TASK DIRECTIONS
Within the listing below, how many lines include the string "woman"? Reply with only the number.
Start of Block
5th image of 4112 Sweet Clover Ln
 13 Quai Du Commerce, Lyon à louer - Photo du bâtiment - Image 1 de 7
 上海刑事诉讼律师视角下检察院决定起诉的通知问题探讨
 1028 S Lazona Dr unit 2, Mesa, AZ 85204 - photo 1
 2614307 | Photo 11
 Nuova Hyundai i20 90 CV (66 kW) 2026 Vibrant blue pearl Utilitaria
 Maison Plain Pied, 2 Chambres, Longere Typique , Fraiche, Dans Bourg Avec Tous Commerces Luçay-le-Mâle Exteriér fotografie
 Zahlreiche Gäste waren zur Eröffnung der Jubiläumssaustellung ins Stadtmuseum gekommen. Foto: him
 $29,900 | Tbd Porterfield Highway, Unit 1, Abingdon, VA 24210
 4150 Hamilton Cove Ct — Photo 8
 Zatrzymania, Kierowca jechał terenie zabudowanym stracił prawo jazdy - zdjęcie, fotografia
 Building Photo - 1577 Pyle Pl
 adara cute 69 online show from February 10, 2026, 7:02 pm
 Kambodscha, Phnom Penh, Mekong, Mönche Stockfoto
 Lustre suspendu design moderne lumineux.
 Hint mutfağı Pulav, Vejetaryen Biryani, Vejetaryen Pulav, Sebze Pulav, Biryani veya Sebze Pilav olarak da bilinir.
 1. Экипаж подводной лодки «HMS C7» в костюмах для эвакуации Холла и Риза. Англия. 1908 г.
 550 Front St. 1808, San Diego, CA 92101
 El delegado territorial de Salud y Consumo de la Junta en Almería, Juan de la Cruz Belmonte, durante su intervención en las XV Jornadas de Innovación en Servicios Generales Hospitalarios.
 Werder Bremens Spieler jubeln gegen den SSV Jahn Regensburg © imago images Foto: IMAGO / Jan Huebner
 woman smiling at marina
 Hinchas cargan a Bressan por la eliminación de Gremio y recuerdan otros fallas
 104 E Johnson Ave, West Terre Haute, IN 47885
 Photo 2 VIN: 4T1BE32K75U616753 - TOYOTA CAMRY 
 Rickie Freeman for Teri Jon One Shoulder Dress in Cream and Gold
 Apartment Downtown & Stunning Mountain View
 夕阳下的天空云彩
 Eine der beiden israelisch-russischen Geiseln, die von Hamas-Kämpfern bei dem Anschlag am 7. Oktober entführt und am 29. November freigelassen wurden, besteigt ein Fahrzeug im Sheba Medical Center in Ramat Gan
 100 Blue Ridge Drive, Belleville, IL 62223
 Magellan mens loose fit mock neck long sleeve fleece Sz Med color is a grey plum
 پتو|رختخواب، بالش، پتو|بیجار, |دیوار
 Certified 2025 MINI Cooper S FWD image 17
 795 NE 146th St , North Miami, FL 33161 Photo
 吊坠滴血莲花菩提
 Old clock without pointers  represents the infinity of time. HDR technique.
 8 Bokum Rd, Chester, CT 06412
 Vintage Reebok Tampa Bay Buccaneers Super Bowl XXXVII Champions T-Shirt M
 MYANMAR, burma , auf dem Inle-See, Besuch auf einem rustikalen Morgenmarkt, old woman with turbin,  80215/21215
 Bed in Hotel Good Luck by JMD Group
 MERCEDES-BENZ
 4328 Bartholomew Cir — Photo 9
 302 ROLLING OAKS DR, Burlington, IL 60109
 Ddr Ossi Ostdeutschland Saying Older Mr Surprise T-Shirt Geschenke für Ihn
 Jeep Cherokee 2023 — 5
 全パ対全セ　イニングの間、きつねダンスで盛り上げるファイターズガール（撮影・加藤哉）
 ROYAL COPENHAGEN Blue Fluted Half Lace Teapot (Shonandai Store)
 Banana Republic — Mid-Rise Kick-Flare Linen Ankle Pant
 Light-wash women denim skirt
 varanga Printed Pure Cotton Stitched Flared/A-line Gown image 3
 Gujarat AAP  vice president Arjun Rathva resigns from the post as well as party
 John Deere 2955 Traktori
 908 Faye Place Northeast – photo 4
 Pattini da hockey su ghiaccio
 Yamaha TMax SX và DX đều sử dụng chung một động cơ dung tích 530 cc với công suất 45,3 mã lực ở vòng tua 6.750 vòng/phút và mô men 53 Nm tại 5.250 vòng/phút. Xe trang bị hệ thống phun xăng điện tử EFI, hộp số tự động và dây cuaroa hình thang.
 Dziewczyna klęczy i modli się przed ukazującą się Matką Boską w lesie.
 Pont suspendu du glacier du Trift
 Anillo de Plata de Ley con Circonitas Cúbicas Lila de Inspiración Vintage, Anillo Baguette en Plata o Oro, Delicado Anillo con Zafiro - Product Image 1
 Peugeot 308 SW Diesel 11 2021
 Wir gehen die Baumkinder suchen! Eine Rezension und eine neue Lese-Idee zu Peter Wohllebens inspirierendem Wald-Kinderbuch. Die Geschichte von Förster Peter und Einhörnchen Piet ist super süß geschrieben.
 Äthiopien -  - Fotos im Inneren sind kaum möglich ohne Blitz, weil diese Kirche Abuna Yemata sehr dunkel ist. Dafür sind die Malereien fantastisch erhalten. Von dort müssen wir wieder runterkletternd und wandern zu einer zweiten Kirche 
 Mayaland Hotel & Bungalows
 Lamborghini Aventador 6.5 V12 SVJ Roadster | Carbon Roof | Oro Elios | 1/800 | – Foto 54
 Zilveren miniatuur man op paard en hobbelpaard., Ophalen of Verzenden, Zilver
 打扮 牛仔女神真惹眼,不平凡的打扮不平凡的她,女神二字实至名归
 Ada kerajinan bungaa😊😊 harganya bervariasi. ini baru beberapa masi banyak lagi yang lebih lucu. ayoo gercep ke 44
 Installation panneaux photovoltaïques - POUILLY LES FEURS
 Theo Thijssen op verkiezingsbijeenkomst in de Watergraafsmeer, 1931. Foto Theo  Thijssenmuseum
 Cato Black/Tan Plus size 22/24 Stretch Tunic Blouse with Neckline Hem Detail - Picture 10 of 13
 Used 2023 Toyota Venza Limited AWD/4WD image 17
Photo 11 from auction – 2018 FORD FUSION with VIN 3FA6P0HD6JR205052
End of Block
ANSWER TO THIS EXERCISE
2